Oggi Lucia scrive lettere e biglietti. Appunti di vita in ordine sparso per ringraziare, consigliare, riflettere. Li fa leggere al primario che la fa ridere prendendola un po’ in giro, alla dottoressa che controlla i progressi della sua pelle, qualche volta ai suoi genitori, al fratello o agli amici più stretti. «Ho sperato e sopportato i dolori più intensi e le notti più buie» scrive in una di quelle lettere. «L’ho fatto per tornare alla vita. E in parte ci sono riuscita, ma la strada è ancora lunga. Sono grata a tutte le persone che ho incontrato, a chi ha avuto un pensiero per me, per aver reso incredibile il mio viaggio di ritorno… ogni giorno è un po’ più facile di quello precedente».

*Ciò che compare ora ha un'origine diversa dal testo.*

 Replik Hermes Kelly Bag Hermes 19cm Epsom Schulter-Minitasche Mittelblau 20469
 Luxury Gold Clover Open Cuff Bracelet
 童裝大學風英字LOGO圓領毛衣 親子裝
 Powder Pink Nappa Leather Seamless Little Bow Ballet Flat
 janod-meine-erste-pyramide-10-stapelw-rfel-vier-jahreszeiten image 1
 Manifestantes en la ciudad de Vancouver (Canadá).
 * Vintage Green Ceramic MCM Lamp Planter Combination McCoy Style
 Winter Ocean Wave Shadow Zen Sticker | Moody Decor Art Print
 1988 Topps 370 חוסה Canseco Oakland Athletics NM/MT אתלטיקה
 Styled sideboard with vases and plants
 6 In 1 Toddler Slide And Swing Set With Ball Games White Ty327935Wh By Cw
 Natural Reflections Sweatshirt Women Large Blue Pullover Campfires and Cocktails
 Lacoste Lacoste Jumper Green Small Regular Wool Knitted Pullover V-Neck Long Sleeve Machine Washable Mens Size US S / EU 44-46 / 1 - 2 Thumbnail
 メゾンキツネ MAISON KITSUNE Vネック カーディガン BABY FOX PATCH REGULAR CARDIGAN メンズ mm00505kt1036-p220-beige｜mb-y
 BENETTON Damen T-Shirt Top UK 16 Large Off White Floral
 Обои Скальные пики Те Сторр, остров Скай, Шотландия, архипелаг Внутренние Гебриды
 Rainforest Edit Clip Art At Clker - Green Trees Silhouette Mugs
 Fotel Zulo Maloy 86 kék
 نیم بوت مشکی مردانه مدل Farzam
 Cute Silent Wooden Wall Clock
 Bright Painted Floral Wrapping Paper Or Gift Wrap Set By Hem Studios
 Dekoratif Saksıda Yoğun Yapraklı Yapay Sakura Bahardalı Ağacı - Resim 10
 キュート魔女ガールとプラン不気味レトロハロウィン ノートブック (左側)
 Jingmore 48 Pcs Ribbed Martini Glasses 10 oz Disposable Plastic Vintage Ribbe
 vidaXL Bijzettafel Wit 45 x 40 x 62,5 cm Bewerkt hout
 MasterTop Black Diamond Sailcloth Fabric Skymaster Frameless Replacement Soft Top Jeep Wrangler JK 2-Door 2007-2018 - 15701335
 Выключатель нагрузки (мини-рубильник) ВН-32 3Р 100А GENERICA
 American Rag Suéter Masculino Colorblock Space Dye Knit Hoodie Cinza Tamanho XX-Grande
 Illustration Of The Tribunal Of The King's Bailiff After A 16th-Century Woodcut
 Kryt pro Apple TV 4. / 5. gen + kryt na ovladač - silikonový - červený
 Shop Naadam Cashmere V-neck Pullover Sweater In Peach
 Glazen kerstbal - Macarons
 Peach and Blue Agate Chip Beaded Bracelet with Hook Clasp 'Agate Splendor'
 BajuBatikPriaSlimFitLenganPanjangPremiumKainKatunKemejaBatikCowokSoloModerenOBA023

Il 18 settembre è dietro l’angolo. «Voglio celebrare la vita, l’amore e l’amicizia». I 36 anni della Lucia che è stata e l’anno zero della Lucia che verrà. E pazienza se per strada qualche volta si sentirà spiata dagli sguardi della gente. «Io sono così, prendere o lasciare». Sfregiata, sì. Ma la deformità è nella testa di chi ha voluto tutto questo.